This guide illustrates how to:
Finetune DistilRoBERTa on the r/askscience subset of the ELI5 dataset.
Use your finetuned model for inference.

# Libraries

In [None]:
pip install transformers datasets evaluate

In [None]:
from datasets import load_dataset
from transformers import AutoTokenizer, DataCollatorForLanguageModeling

# Load Data

In [None]:
# Load a smaller subset of the r/askscience subset of the ELI5 dataset from the 🤗 Datasets library
# Experiment and make sure everything works before spending more time training on the full dataset
eli5 = load_dataset("eli5_category", split="train[:5000]")

# Split the dataset into train and test sets
eli5 = eli5.train_test_split(test_size=0.2)

# Inspect an example
# NB: the output may look like a lot, but we’re only really interested in the text field
# This is an unsupervised task.

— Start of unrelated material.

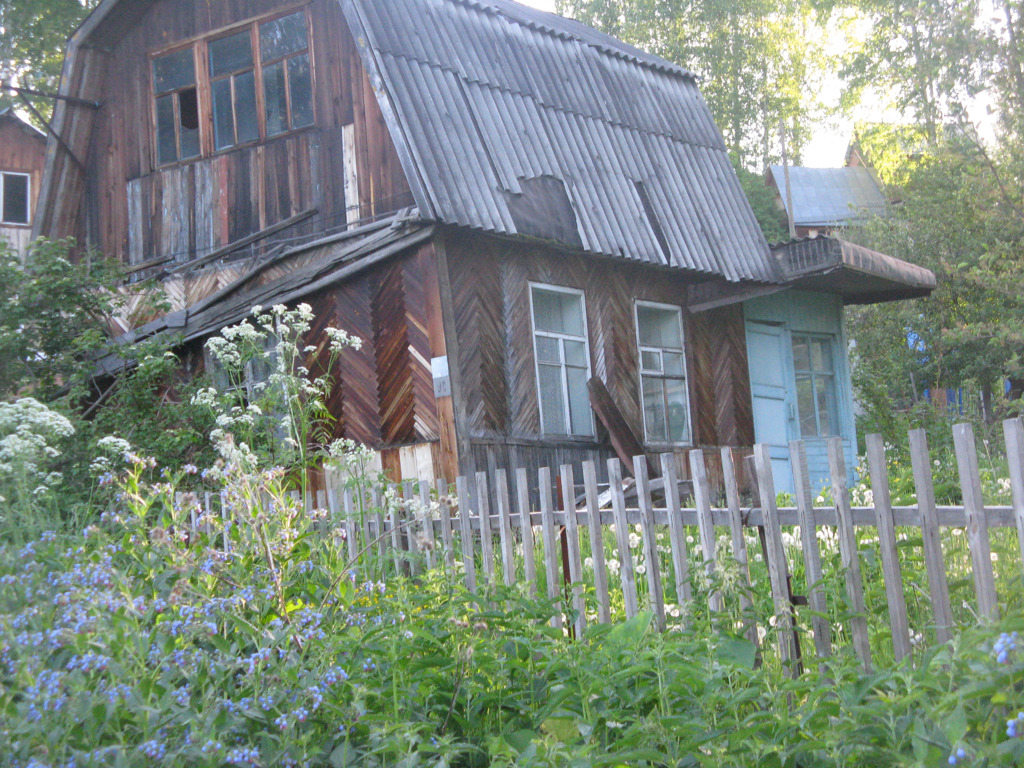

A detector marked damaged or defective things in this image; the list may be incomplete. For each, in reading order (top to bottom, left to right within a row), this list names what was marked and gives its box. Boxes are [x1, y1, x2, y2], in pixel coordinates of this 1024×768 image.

Labels not required because the next word is the label.
eli5["train"][0]

# Preprocessing

In [None]:
# load a DistilRoBERTa tokenizer to process the text subfield
tokenizer = AutoTokenizer.from_pretrained("distilroberta-base")

In [None]:
# The text field is actually nested inside answers
# Extract the text subfield from its nested structure with the flatten method
eli5 = eli5.flatten()
eli5["train"][0]

In [None]:
# text field is now a list
# convert the list to a string to jointly tokenize them
def preprocess_function(examples):
    return tokenizer([" ".join(x) for x in examples["answers.text"]])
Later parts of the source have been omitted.